Authorities say the death toll from a massive mudslide in a rural part of Washington state has risen to 14 after searchers found six additional bodies among the debris, as dozens more remain unaccounted for.
Authorities said earlier in the day that over 100 missing person reports have been filed, but the accuracy of those reports could not be immediately verified. This is due to the fact that it is possible people have called in multiple reports about the same person, authorities told Fox News.
The 1-square-mile mudslide struck Saturday morning in Snohomish County, critically injuring several people and destroying about 30 homes. Authorities have described the search for additional survivors to be "grim" as crews battle uneven ground and rising waters.
John Pennington, emergency response managing director, said there are reports of up to 108 people missing in the mudslide, but noted that number is unconfirmed.
"This is a large scale disaster event," Pennington said. "We have 108 individual names, or likeness ... It’s a soft 108."
Other authorities said they have not been able to determine whether there were multiple calls about the same missing person.
"It was Saturday and probably a higher number than what you would see on a week day," he said of the victims during a press conference Monday. Pennington said it remains unclear how many structures were impacted at the time.
Crews were able to get to the muddy, tree-strewn area after geologists flew over in a helicopter and determined it was safe enough for emergency responders and technical rescue personnel to search for possible survivors, Snohomish County Fire District 21 Chief Travis Hots said Sunday evening.

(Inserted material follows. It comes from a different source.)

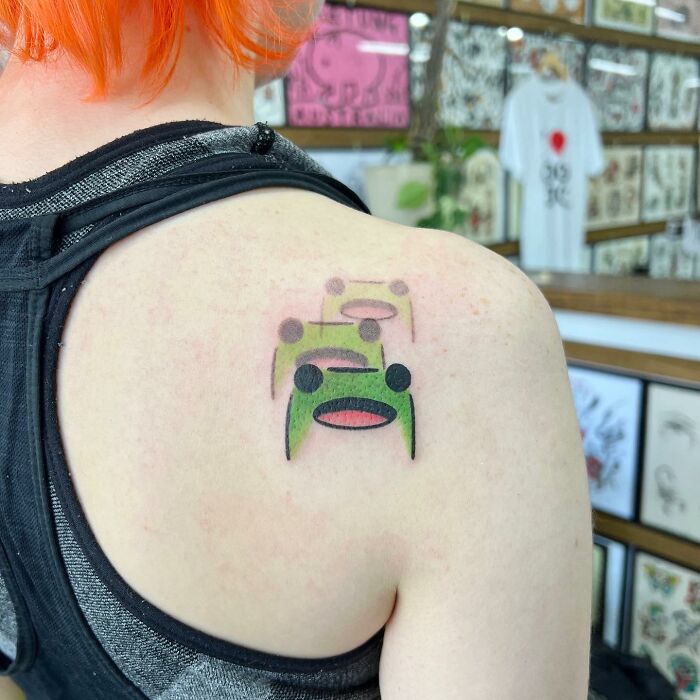 Tattoo on a person's shoulder featuring colorful abstract faces, designed by Buoy.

"We didn't see or hear any signs of life out there today," he said, adding that they did not search the entire debris field, only drier areas safe to traverse. "It's very disappointing to all emergency responders on scene."
Snohomish County Fire Chief Travis Hots said the search under way is technically still a "rescue" operation but added that no survivors have been found since Saturday.

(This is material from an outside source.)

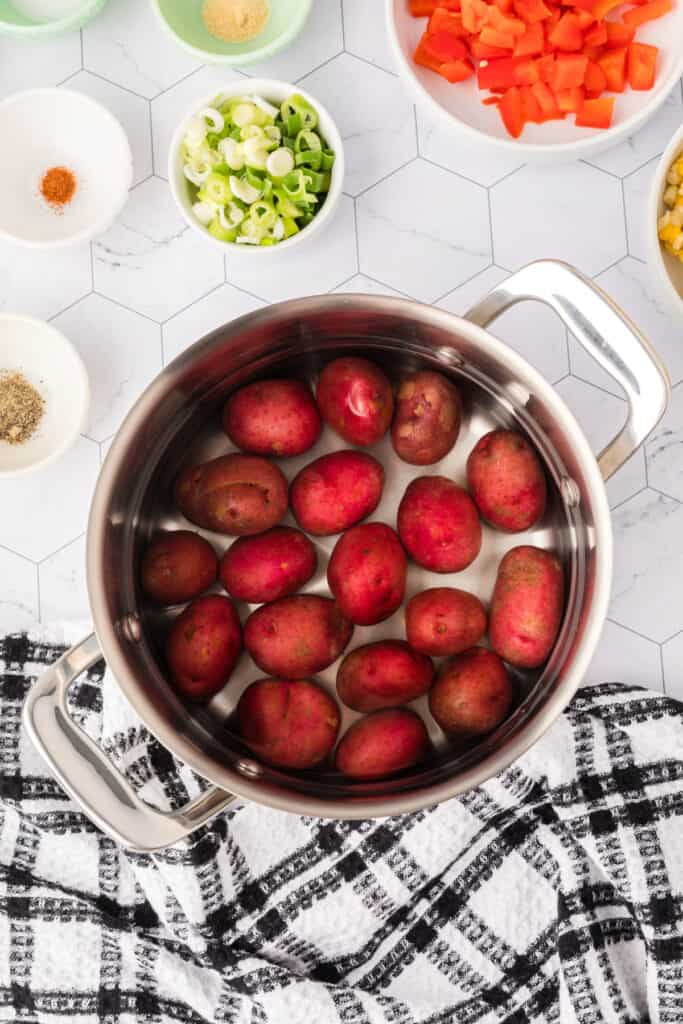 Red potatoes placed in a large saucepan, ready for boiling.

Before crews could get onto the debris field late Sunday morning, they looked for signs of life by helicopter. Authorities initially said it was too dangerous to send rescuers out on foot.
Rescuers' hopes of finding more survivors were buoyed late Saturday when they heard people yelling for help, but they were unable to reach anyone. The soupy mud was so thick and deep that searchers had to turn back.

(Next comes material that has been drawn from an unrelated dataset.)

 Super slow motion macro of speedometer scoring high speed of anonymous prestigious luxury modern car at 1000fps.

The slide wiped through what neighbors described as a former fishing village of small homes -- some nearly 100 years old.
As the search for the missing continued, authorities said some may have been able to get out on their own. The number unaccounted for could change because some people may have been in cars and on roads when the slide hit just before 11 a.m. Saturday, authorities said.
Officials described the mudslide as "a big wall of mud and debris." It blocked about a mile of State Route 530 near the town of Oso, about 55 miles north of Seattle. It was reported to be about 15 feet deep in some areas.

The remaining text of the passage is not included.